**WORK REQUEST**: Restate each entry word for word, leaving nothing out.

**THE INPUT**:

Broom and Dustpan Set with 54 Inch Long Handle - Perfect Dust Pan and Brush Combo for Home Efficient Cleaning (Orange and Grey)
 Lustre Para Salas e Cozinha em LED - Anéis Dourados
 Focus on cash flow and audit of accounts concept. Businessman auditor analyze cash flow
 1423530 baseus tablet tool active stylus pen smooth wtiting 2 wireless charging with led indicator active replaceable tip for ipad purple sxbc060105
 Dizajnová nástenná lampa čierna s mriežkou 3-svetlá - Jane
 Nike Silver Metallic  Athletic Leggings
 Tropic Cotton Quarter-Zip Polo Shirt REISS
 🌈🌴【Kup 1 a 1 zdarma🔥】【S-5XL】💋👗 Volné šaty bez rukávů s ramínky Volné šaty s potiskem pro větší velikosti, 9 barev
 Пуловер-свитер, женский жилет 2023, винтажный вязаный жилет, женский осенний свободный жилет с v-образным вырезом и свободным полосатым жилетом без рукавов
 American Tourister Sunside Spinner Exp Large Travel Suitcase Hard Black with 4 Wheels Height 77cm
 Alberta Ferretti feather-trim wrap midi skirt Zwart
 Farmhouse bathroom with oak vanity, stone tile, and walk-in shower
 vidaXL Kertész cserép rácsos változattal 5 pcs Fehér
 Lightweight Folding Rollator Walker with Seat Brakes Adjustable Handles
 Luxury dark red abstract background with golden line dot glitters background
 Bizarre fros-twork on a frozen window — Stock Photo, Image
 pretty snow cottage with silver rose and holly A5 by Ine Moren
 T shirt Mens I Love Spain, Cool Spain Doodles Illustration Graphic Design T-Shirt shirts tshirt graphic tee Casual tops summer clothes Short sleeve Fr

**TASK RESPONSE**:
Broom and Dustpan Set with 54 Inch Long Handle - Perfect Dust Pan and Brush Combo for Home Efficient Cleaning (Orange and Grey)
 Lustre Para Salas e Cozinha em LED - Anéis Dourados
 Focus on cash flow and audit of accounts concept. Businessman auditor analyze cash flow
 1423530 baseus tablet tool active stylus pen smooth wtiting 2 wireless charging with led indicator active replaceable tip for ipad purple sxbc060105
 Dizajnová nástenná lampa čierna s mriežkou 3-svetlá - Jane
 Nike Silver Metallic  Athletic Leggings
 Tropic Cotton Quarter-Zip Polo Shirt REISS
 🌈🌴【Kup 1 a 1 zdarma🔥】【S-5XL】💋👗 Volné šaty bez rukávů s ramínky Volné šaty s potiskem pro větší velikosti, 9 barev
 Пуловер-свитер, женский жилет 2023, винтажный вязаный жилет, женский осенний свободный жилет с v-образным вырезом и свободным полосатым жилетом без рукавов
 American Tourister Sunside Spinner Exp Large Travel Suitcase Hard Black with 4 Wheels Height 77cm
 Alberta Ferretti feather-trim wrap midi skirt Zwart
 Farmhouse bathroom with oak vanity, stone tile, and walk-in shower
 vidaXL Kertész cserép rácsos változattal 5 pcs Fehér
 Lightweight Folding Rollator Walker with Seat Brakes Adjustable Handles
 Luxury dark red abstract background with golden line dot glitters background
 Bizarre fros-twork on a frozen window — Stock Photo, Image
 pretty snow cottage with silver rose and holly A5 by Ine Moren
 T shirt Mens I Love Spain, Cool Spain Doodles Illustration Graphic Design T-Shirt shirts tshirt graphic tee Casual tops summer clothes Short sleeve Fr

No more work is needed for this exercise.